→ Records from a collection
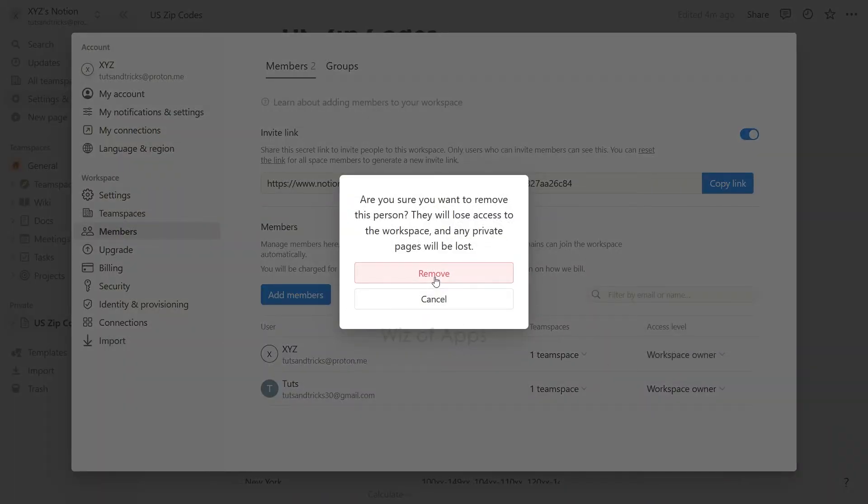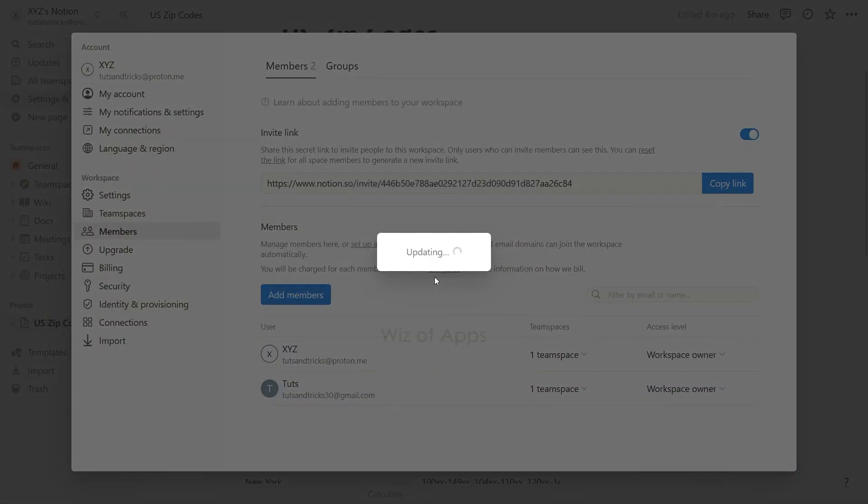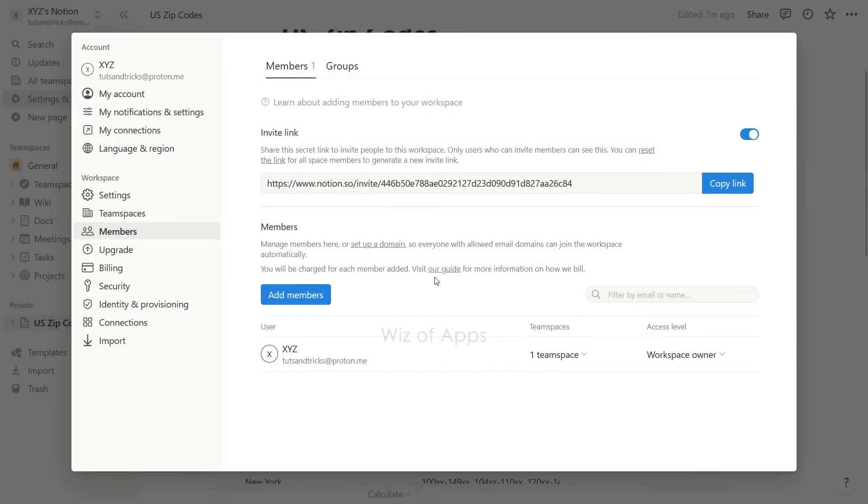By taking this action, the individual will promptly lose their access to your workspace. Additionally, any pages located in the private section of their sidebar will be hidden.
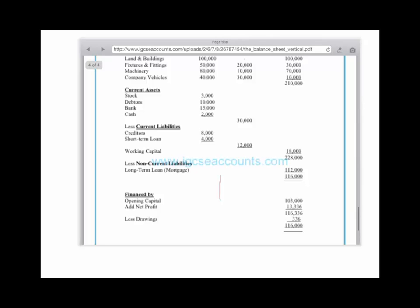Does it balance with the top half of the balance sheet? The answer is, of course, yes. Hence, you have applied the accounting equation: assets equals capital plus liabilities, rearranged as assets minus liabilities — which gives you the top half of the balance sheet — equals the new capital, which is the bottom half of the balance sheet.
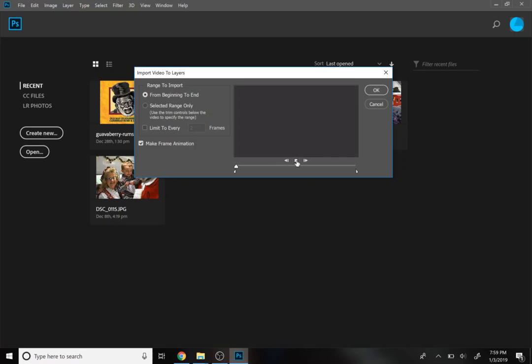It's going to give you this little... this is basically what you've got here. Press OK.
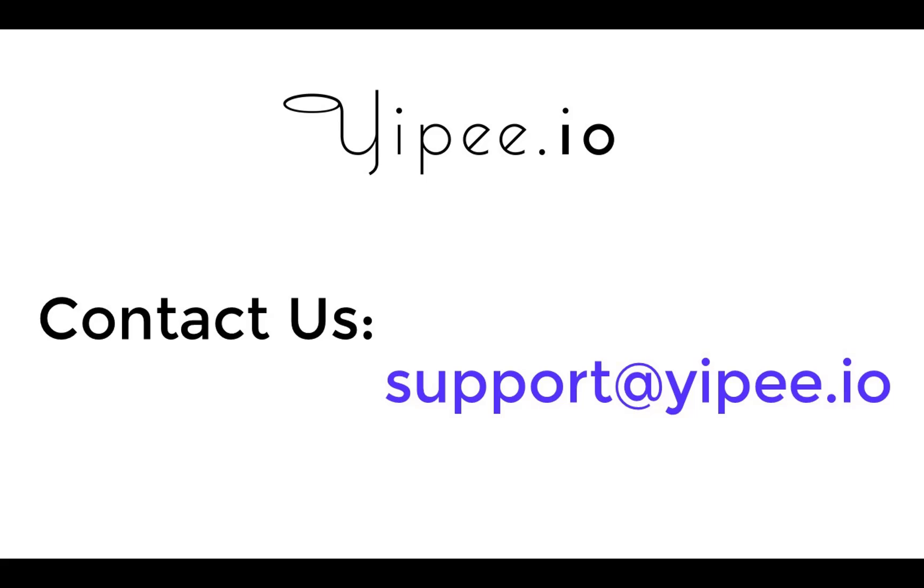Thank you for watching Yipee Tips. Here at Yipee, we are constantly trying to make the world of Docker clearer and more visible. If you have an idea for a tip or a tutorial, let us know by leaving a comment or shooting us an email at support at yipee.io. Thank you.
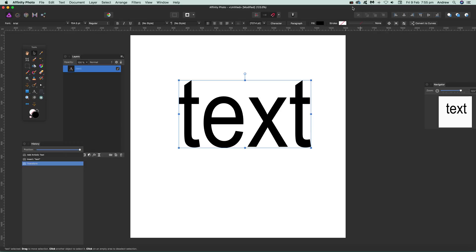This is Affinity Photo video tutorials by Andrew Bockel. In this tutorial I'm going to show you how you can quickly convert text into curves and then manipulate the text. Obviously it isn't text after that, but it's more editable.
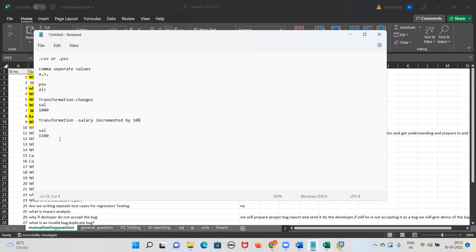There are two persons in ETL: the ETL developer and the ETL test engineer. What we are going to become is an ETL test engineer. The ETL developer develops the transformation logic and loads data from source to target. The ETL test engineer checks that transformation logic and verifies that the data loaded from source to target is matching. In ETL testing, the end product is always a BI report — a Business Intelligence report — which is used by higher management like the MD and CEO of the company. The CEO sees the BI report and decides how much sale is happening for a particular product over a particular duration of time.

→ HOW TO COMPLETE THIS TASK
Any pictures above are to be left out. Retype the rest of the records exactly.

→ THE COMPLETED TASK
By taking this action, the individual will promptly lose their access to your workspace. Additionally, any pages located in the private section of their sidebar will be hidden.
Does it balance with the top half of the balance sheet? The answer is, of course, yes. Hence, you have applied the accounting equation: assets equals capital plus liabilities, rearranged as assets minus liabilities — which gives you the top half of the balance sheet — equals the new capital, which is the bottom half of the balance sheet.
It's going to give you this little... this is basically what you've got here. Press OK.
Thank you for watching Yipee Tips. Here at Yipee, we are constantly trying to make the world of Docker clearer and more visible. If you have an idea for a tip or a tutorial, let us know by leaving a comment or shooting us an email at support at yipee.io. Thank you.
This is Affinity Photo video tutorials by Andrew Bockel. In this tutorial I'm going to show you how you can quickly convert text into curves and then manipulate the text. Obviously it isn't text after that, but it's more editable.
There are two persons in ETL: the ETL developer and the ETL test engineer. What we are going to become is an ETL test engineer. The ETL developer develops the transformation logic and loads data from source to target. The ETL test engineer checks that transformation logic and verifies that the data loaded from source to target is matching. In ETL testing, the end product is always a BI report — a Business Intelligence report — which is used by higher management like the MD and CEO of the company. The CEO sees the BI report and decides how much sale is happening for a particular product over a particular duration of time.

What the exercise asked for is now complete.